When SOS first arrived, critics raved that her third album had successfully exceeded mounting expectations. It retains the intimacy and insecurity of SZA’s breakout album, 2017’s Ctrl, with plaintive tracks like “Nobody Gets Me,” about the isolation of a breakup, and “Special,” about envying “that girl from the Gucci store.” It puts SZA’s effortless voice on full display, whether in the gravelly thrum of “Low” or the iridescent riffs of “Blind.” Over the course of the album’s 23-song tracklist, SZA ventures into hard-charging rap on “Smoking on My Ex Pack,” early aughts pop-punk on “F2F,” and classic country songwriting on the revenge fantasy “Kill Bill.” It gives listeners a glimpse into SZA’s rarefied life of fame, something she is still relatively new to. She documents the enviable parts, as in cheeky, confident lines like, “I got your favorite rapper blocked / … Your favorite athlete screamin' / ‘Text me back.’” But she also alludes to the unprecedented pressures, as in a much-hyped line about getting a Brazilian butt lift.

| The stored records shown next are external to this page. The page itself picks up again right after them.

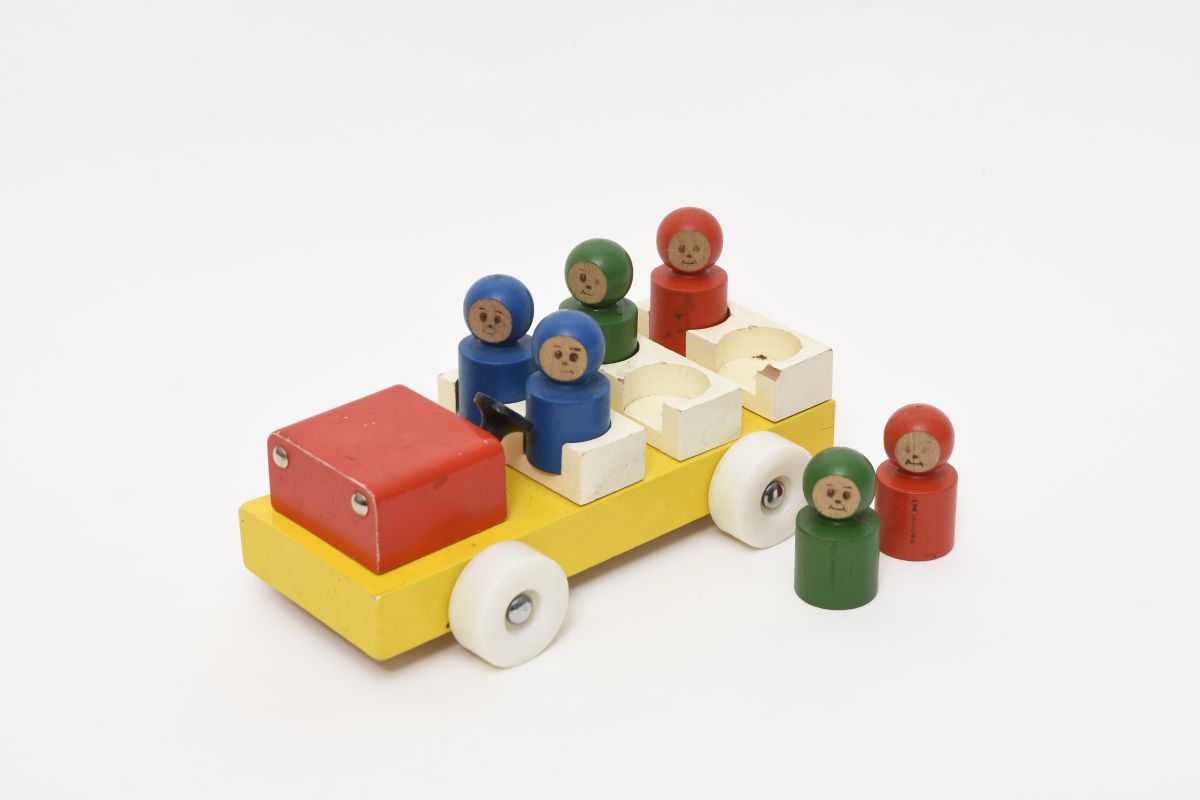 Toy-Car-With-Passengers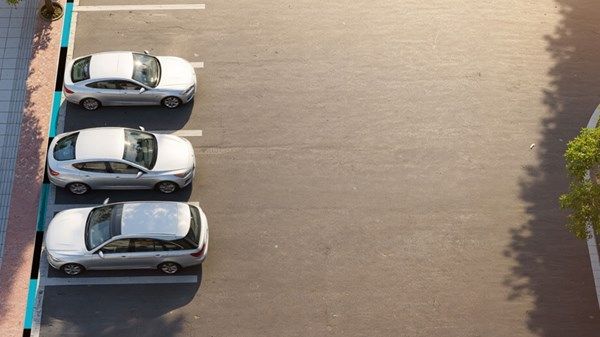 تفعيل نظام المواقف المدفوعة في منطقة مصفّح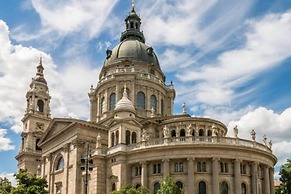 Spacious 1 Bed Basilica Apartment - With Balcony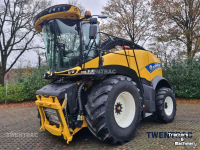 Ensileuse automotrice New Holland FR 550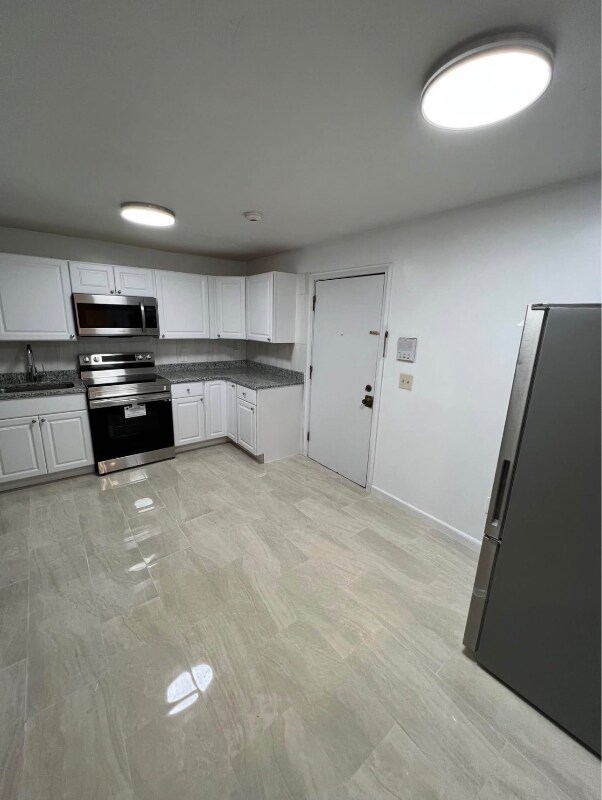 Photo - 4 Park Ave Pl Unidad 14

The thrills of SOS — the way it showcased SZA’s growth in new directions while deepening the blend of playfulness, directness, and vulnerability she has become known for — were immediately gratifying. But now, almost two months since the album’s release, it has come into a startling inheritance. SZA’s success on the charts has cemented her place in the mainstream music world after a decade of coming up indie, deliberately playing in the fringes.

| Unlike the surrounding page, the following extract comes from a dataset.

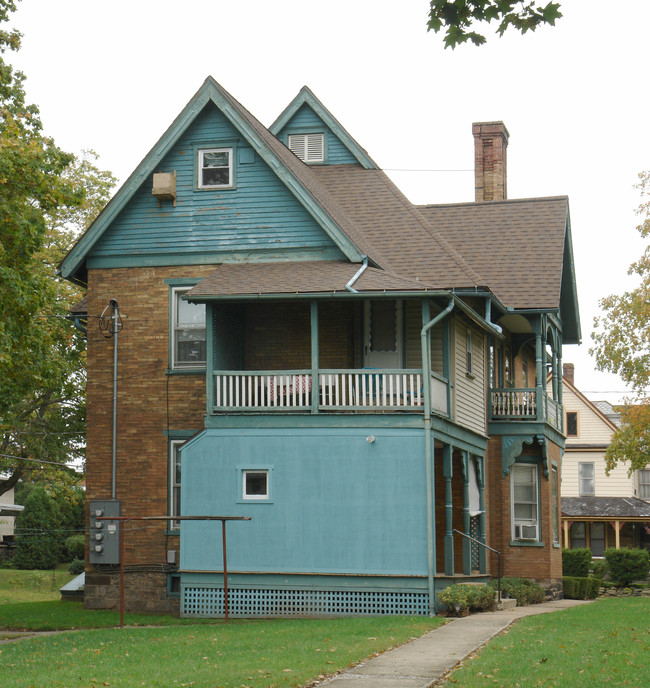 110 Mccarty St in Muncy, PA - Foto de edificio - Building Photo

By now, SZA’s origin story has the ring of legend. After dropping out of college, she was working odd jobs, singing occasionally when she lent her voice to friends’ tracks or shows; she thought of it as “fuck[ing] around.” But in 2011, she was working for the streetwear company 10 Deep, which sponsored a Kendrick Lamar concert. When she took 10 Deep’s merch to the record executives of Lamar’s label, Top Dawg Entertainment, she brought along a friend, who was listening to SZA’s music in her headphones. Punch, the president of TDE, “snatched the headphones” and gave it a listen. He offered SZA studio time on the spot.

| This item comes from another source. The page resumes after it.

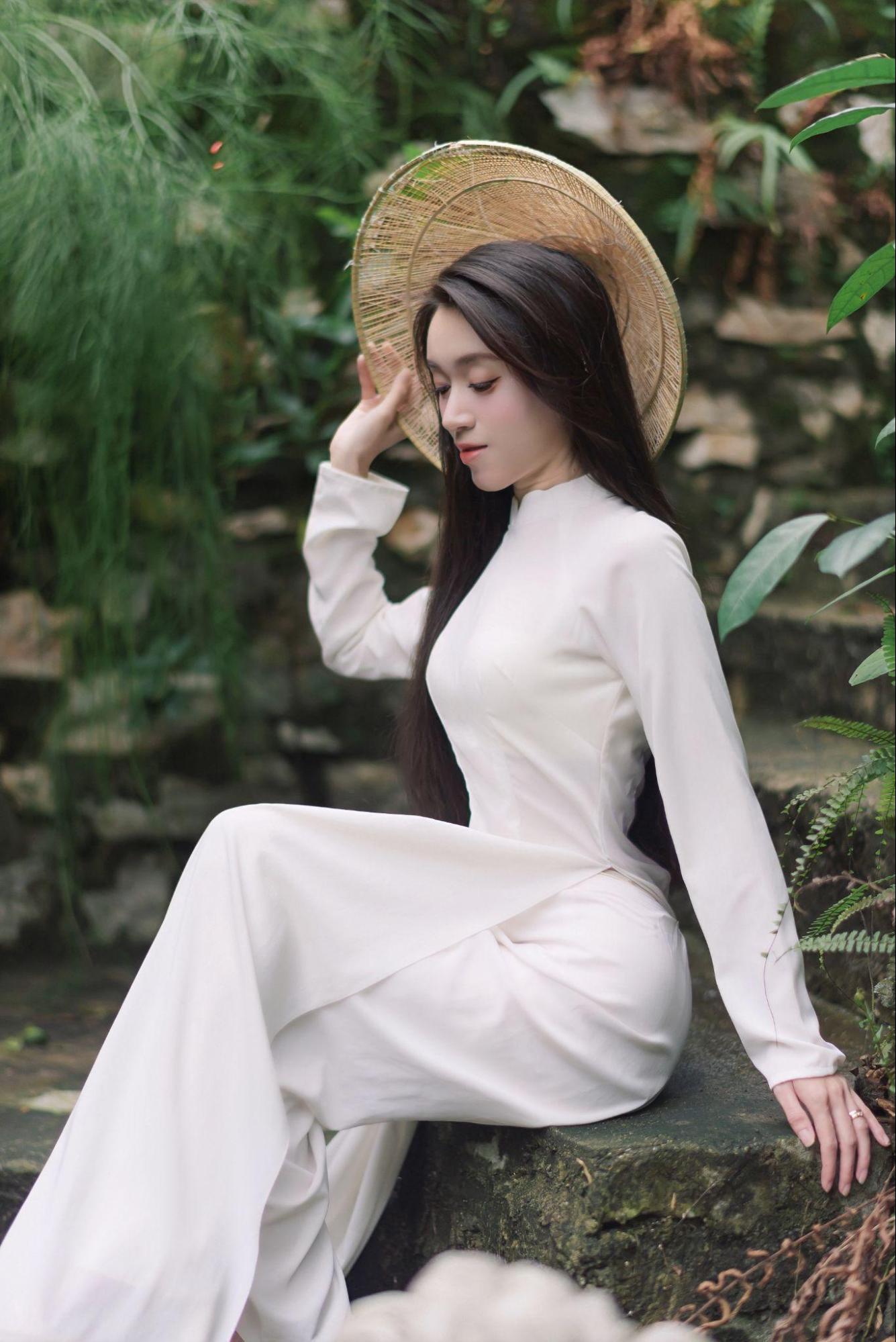 Tú Oanh khoác lên mình tà áo dài với niềm tự hào dân tộc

Over the next couple of years, SZA put out two EPs on SoundCloud. 2012’s See.SZA.Run is a slow, syrupy record full of grungy guitar and minor harmonies. Her honeyed falsetto sometimes rings through, but the lyrics are simple and stereotypical. Three of the EP’s seven songs — “Advil,” “Crack Dreams,” and “Once Upon a High” — compare love to drugs as their central metaphor.
But 2013’s S, intended to be the first installment of a trilogy titled S, Z, and A, bears early marks of what would later become SZA’s signature style. Its softer sound is matched by an unabashed yearning; the EP opens with “Castles,” on which SZA muses, “Wish I was prettier, a little, for ya / Maybe I’ll understand when I get older.” The frenetic current of sound underneath is a bit jarring — are those sleigh bells in the background? — but the wistfulness of this first line heralds the SZA to come, a vulnerable romantic trying to get a hold on her self-worth.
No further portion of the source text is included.